Two years later, Raytheon moved the program to Arizona, home of its Missile Systems Division, where the company experienced workforce delays, according to a report by the Government Accountability Office.
The problems only continued. The weapons' Global Positioning System satellite guidance system failed to survive the thrust of being shot out of a shipboard gun. Ultimately, the target date for reaching "initial operational capability" was extended by a decade, from 2001 to 2011.
In the meantime, the estimated cost of the program also skyrocketed. By 2005, the GAO had estimated that the project had cost nearly $600 million, a more than 50 percent increase from the 1997 estimate. Each projectile, meanwhile, was estimated to have grown in price from $45,000 to $191,000.
The Navy considers "surface fire support" to be a critical mission but is now able to strike enemy ground forces with artillery shells launched from ships only about a dozen miles offshore, a far shorter distance than the Navy's stated requirement.
Raytheon has boasted that its munition would provide that "agile, accurate, continuous, and lethal naval fire support."

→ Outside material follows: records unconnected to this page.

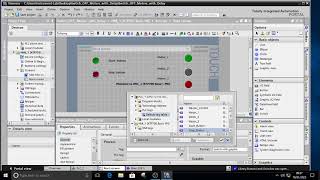 Implementation of Motor OFF Sequentially with timers using PLC - EE 465 Experiment # 12 Task 2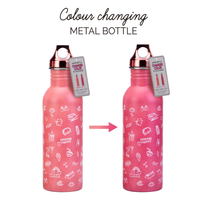 Nouvelle Bouteille d'eau Sportive Isotherme en Acier Inoxydable 304 à Couche Unique, Thermo-chromique, pour Cadeau Promotionnel, Modèle 2026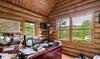 Luxury Log 7bed/6.5bath Cabin: Theater, Game Room, 7 Acres!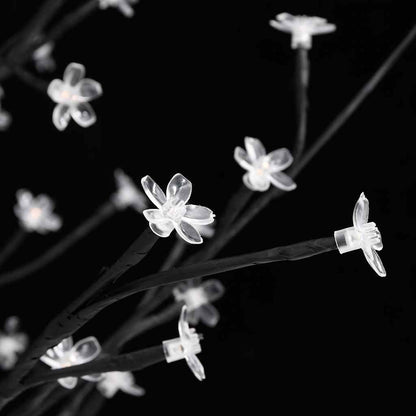 vidaXL Cherry Blossom LED Tree Warm White 368 LEDs 300 cm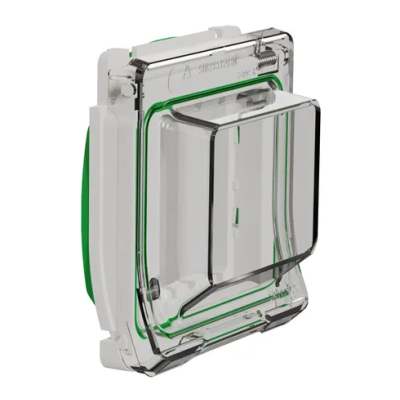 Schneider Mureva Styl - Adaptateur pour fonction 45X45 - composable - IP55 - IK07 - blanc - Réf : MUR39110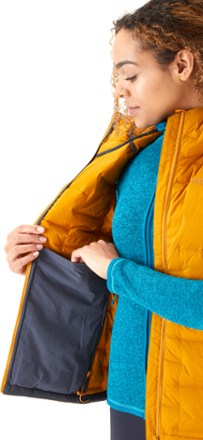 Rab Cubit Stretch Down Vest - Women's 10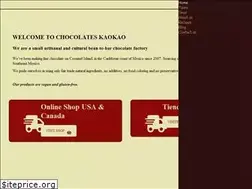 Sites similar to chocolateskaokao.com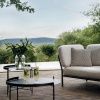 Světle šedý látkový rohový modul HOUE Level 140 x 95 cm, pravý -fv-interier-25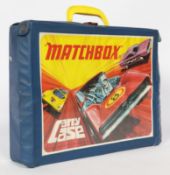 Matchbox, Superfast and Similar mixed group of Vehicles and Carry Case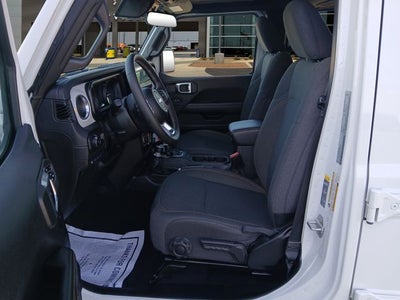 2025 Jeep Wrangler Sahara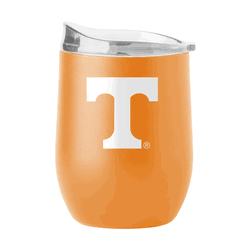 Tennessee Volunteers 16oz Flipside Powder Coat Curved Beverage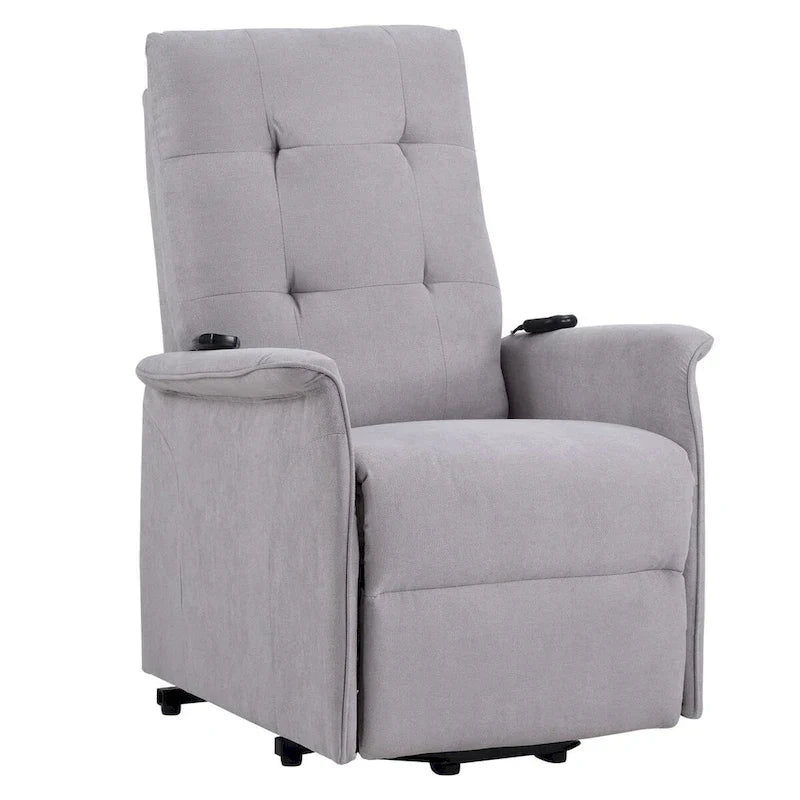 Fauteuil releveur électrique pour personnes âgées avec fonction massage réglable, fauteuil inclinable
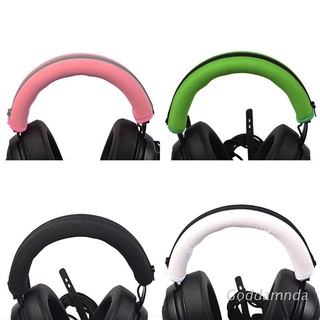 GODD  Headphones Headband Cushion Pads Bumper Cover Zipper Replacement for Razer Kraken PRO 7.1 V2 Headset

And as recently as 2006, the Naval Studies Board at the National Academy of Sciences still said that the Raytheon weapon typified what it called "the emerging technology of guided artillery shells."

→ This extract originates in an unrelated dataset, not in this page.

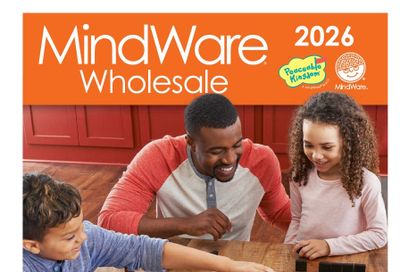 MindWare & Peaceable Kingdom Annual Educational Toys Catalog Weekly Ad January 1 - December 31, 2026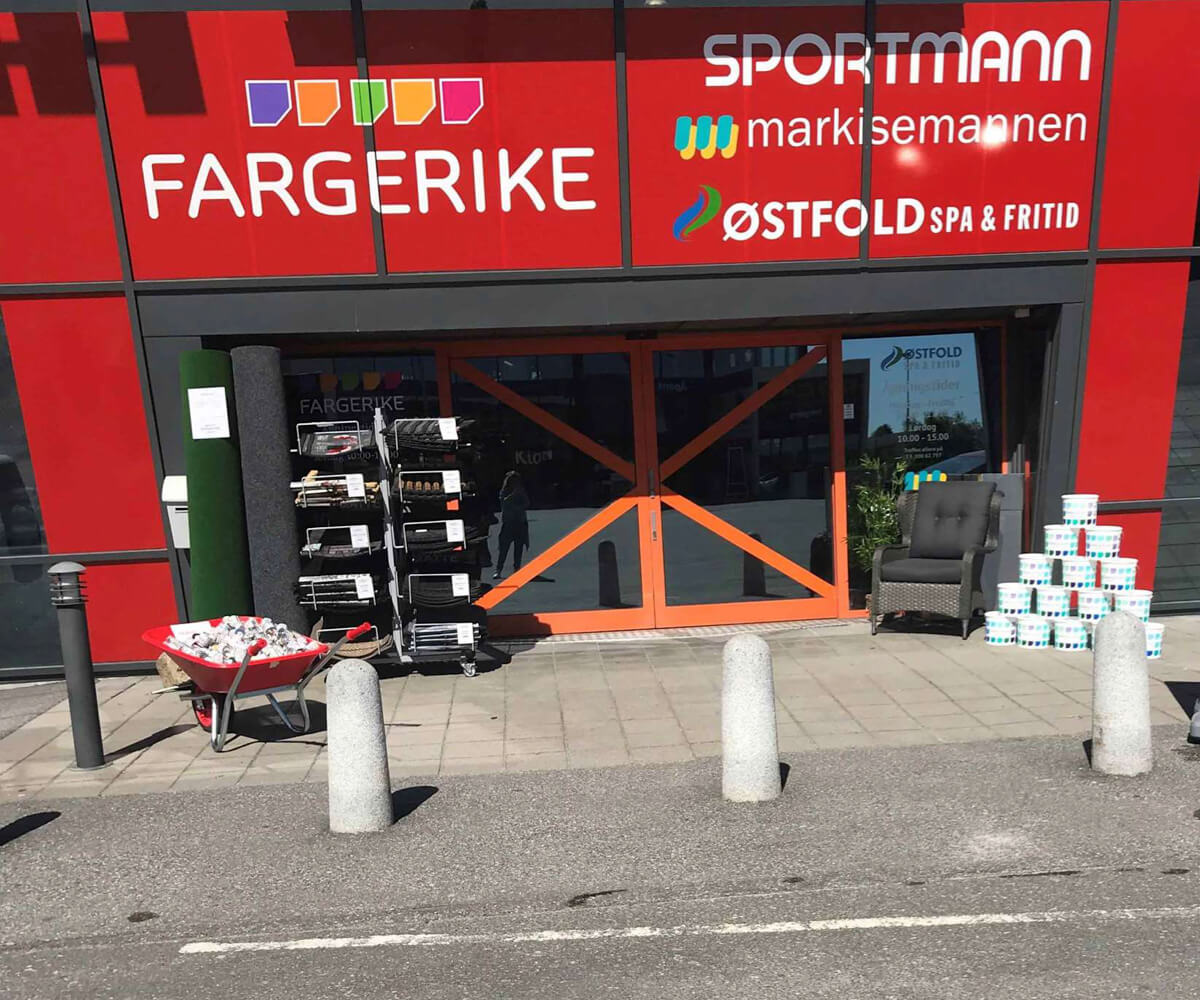 fargerike dikeveien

But last September, the Pentagon's top weapons acquisition official, John Young, warned that time was running out for the project to prove itself.
"It is critical that the program demonstrate satisfactory progress toward achievement of reliability and technology readiness requirements," Young wrote in a Sept. 28 memorandum.
ATK, an advanced weapons company, is also vying to supply the Navy its own version of the weapon, called the Ballistic Trajectory Extended Range Munition. The Edina, Minn.-based company has also performed several tests but has been plagued by its own delays and technical busts. ATK also provided the rocket motor for the Raytheon program.
 
Good news. Hurry up and wait strikes again.
Parts from China? Stand by for lead poisoning that was put there accidentally on purpose as usual..
 
Well if they can't get it to work now they might at some future date, but I think that all this money could be better spent in providing the Army with decent armoured vehicles
 
I work in the defense industry and I can tell you that the contracts are pretty specific in what is allowed and they always have specific benchmarks. Knowing this going in is good but there are ALWAYS problems.

Each problem encountered can be solved. Unfortuantely multiple problems require multiple solutions and in some cases the solutions are not compatible. Either way a 50% increase over the intial estimate is too much in my opinion. The time and development money has already been spent so it is lost if the program is cancelled. It appears that the navy is looking for a solution that is cheaper than a tomahawk or harpoon.